■ Problem
From the listing below, set down exactly the lines between the one holding "Kitchen with island and cabinets." and the one holding "Happy woman in", inclusive. No other line is wanted.

----

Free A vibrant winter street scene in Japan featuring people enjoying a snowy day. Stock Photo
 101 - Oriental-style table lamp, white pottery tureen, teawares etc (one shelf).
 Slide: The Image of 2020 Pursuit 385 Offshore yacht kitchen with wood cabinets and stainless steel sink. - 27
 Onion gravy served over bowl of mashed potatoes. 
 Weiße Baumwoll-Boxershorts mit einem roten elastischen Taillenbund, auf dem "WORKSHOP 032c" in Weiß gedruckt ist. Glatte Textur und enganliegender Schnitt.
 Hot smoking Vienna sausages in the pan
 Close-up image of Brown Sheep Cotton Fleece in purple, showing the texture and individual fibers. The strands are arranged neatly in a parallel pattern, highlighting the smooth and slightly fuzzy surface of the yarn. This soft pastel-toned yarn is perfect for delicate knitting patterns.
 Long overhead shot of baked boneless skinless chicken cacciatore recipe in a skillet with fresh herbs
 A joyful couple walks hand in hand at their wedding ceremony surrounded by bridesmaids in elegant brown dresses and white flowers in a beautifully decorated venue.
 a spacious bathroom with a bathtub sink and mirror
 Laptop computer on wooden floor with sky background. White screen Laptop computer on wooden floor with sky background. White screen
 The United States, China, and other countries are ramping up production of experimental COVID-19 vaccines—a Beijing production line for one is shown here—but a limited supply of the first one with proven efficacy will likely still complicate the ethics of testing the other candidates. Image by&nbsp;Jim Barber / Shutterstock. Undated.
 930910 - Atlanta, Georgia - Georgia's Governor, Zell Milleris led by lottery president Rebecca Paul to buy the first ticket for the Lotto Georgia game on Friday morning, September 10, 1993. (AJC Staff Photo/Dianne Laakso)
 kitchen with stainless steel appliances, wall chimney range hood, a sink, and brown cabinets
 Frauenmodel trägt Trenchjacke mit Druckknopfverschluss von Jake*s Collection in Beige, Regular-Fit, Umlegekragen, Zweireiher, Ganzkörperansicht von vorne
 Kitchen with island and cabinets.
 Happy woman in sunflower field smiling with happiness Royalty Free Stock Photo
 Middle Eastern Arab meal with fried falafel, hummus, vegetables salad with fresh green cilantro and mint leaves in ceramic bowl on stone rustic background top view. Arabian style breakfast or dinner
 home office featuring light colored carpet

----

■ Completed exercise
 Kitchen with island and cabinets.
 Happy woman in sunflower field smiling with happiness Royalty Free Stock Photo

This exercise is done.